“Politicians use statistics in the same way that a drunk uses lamp-posts for support rather than illumination” -A. Lang

Statistics is a very complex subject and because of its complexity statistics and its terms are frequently misunderstood and misused. I came across an excellent article on The datapine Blog about how statistics can be misleading.  One of the statistical terms “correlation” is a term that may be used improperly.

Many people use the term “correlation” when they mean the more general term “association”.

What is the difference?

Association is a vague, general term that describes the relationship between the two data sets or two variables.

Correlation on the other hand measures the strength and direction of the linear relationship between the data sets or a pair of variables.

Three important conditions should be checked before calculating the correlation:

  1. The association between the two data sets has to be linear or in other words, the association between the data sets looks like a straight line.
  2. Data sets have to be quantitative.
  3. The outliers (unusual data) in the data set need to be checked and eliminated if possible because they can skew the results.

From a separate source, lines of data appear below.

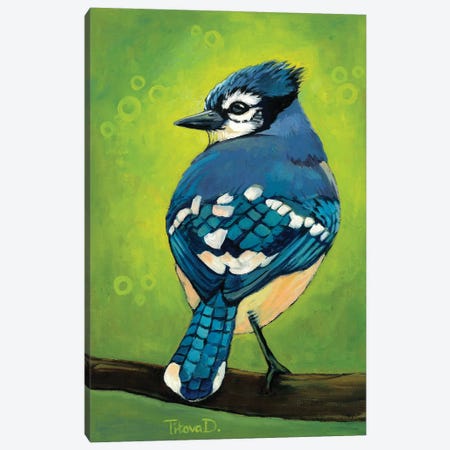 Mischievous Mister Blue Jay Canvas Print #DTT19} by Diana Titova Canvas Art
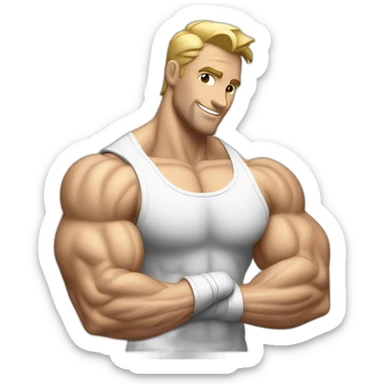 handsome white bodybuilder triceps sticker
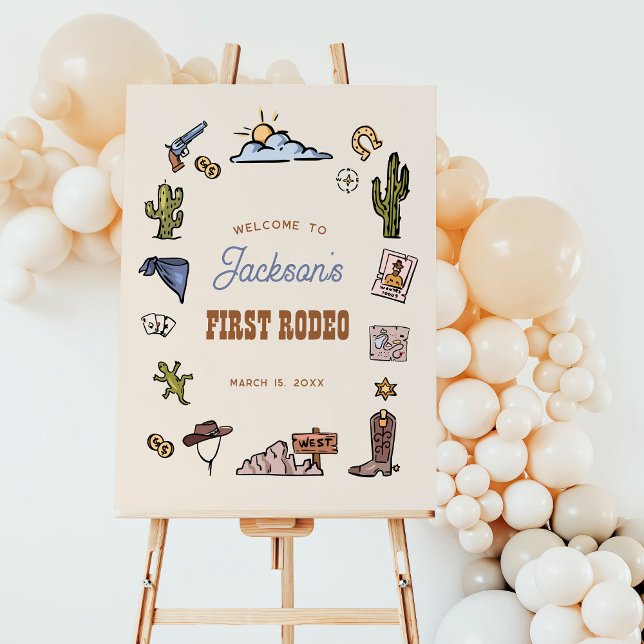Cowboy First Rodeo Hand Drawn Kids Birthday  Foam Board (Creator Uploaded)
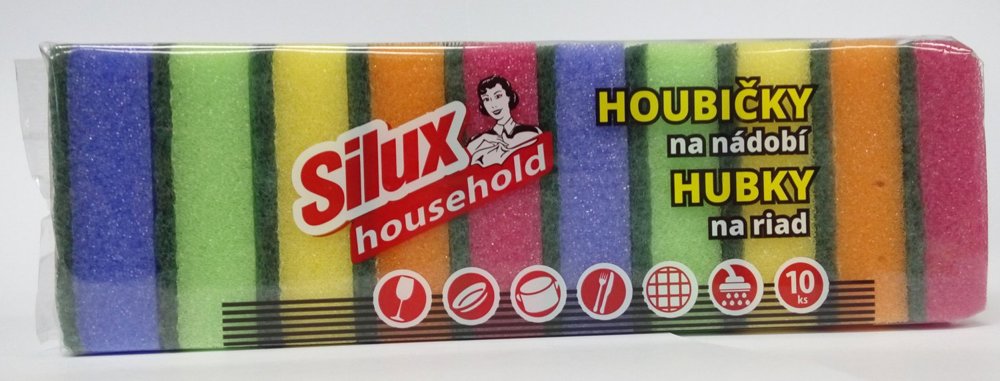 Silux household houbička na nádobí, 10ks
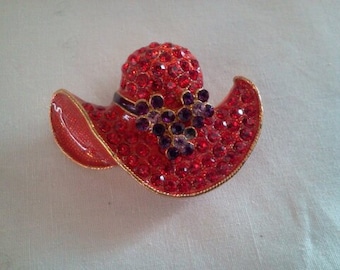 Vintage Red Hat Rhinestone Pin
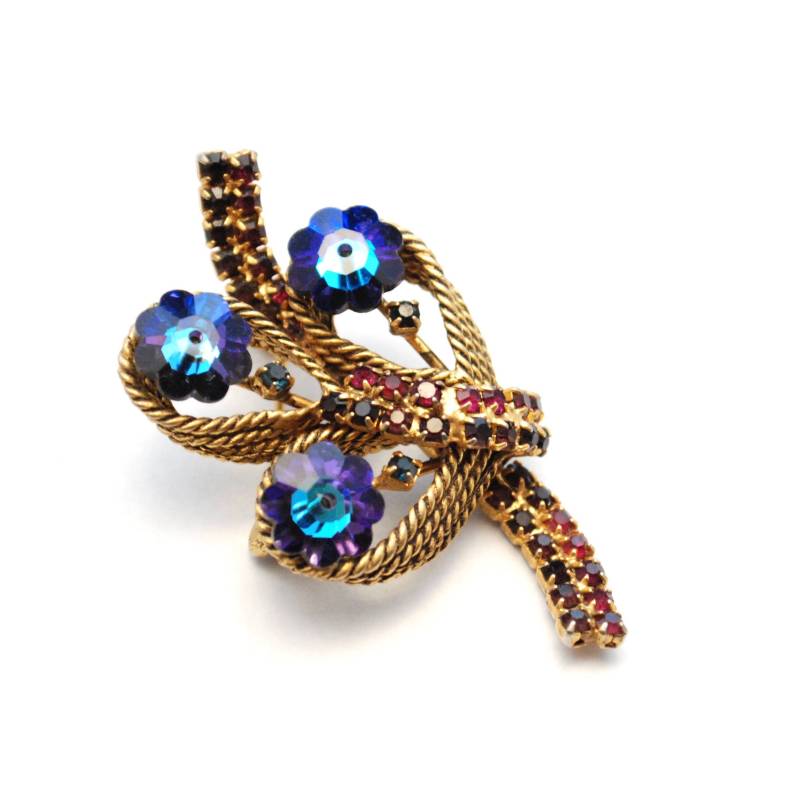 Vergessen Sie Mich Nicht Blaue Blume Geschliffenes Glas Und Strass-Brosche - Gold-Ton Seil Anweisung Stück Jahrgang Trauerschmuck Schöne von ATreasureHunt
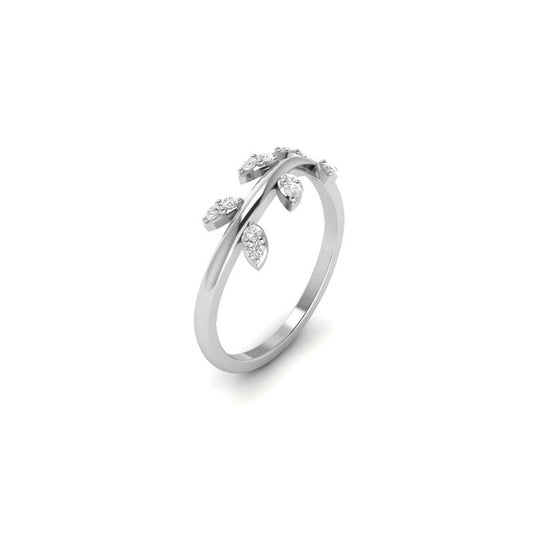Sterling Silver 0.12CT Leaf Diamond Dainty Ring For Her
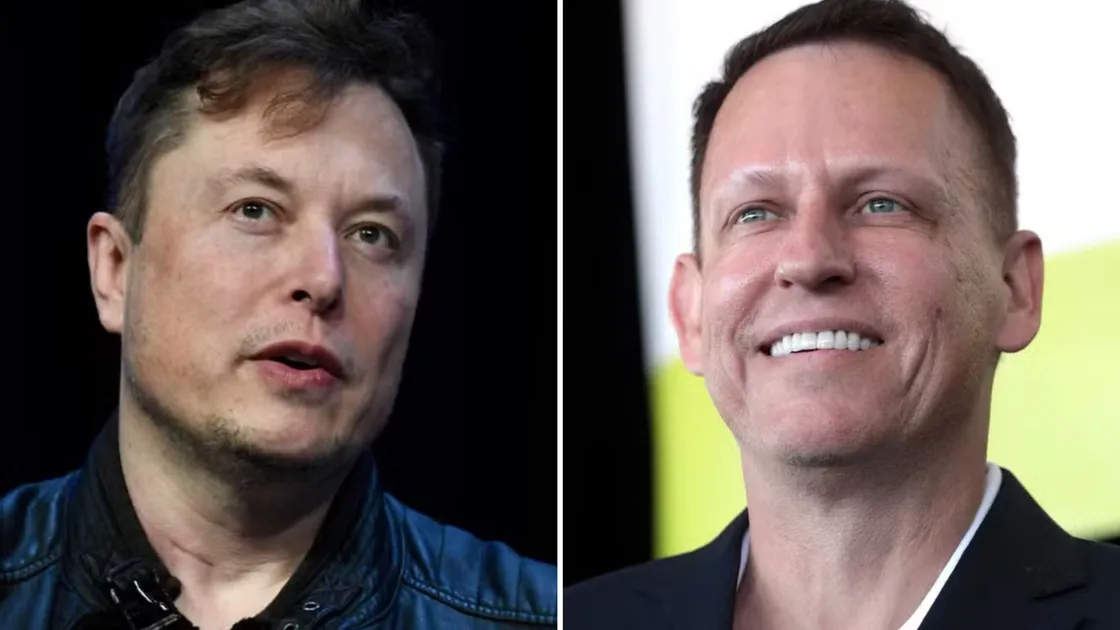 Tech billionaires Elon Musk and Peter Thiel.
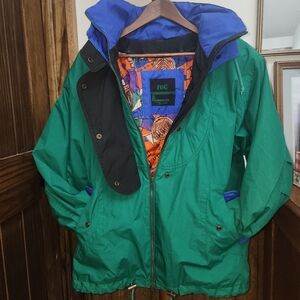 Mens Lg Vinatge LONDON FOG Green Puffer Style Jacket With Removable Insulated...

The best way to look at the association between the two data sets is to make a Scatter plot.

Let us look at the two Scatter diagrams which were used to graph the following data set:

Figure 1: Scatter Plot in Excel

Keeping in mind the 3 conditions that should be checked, we can see that all the variables are quantitative and that there is an association between the cost of Big Mac and Movie Tickets in the counties listed in the table.

We also need to check for the third condition; the presence of the outliers.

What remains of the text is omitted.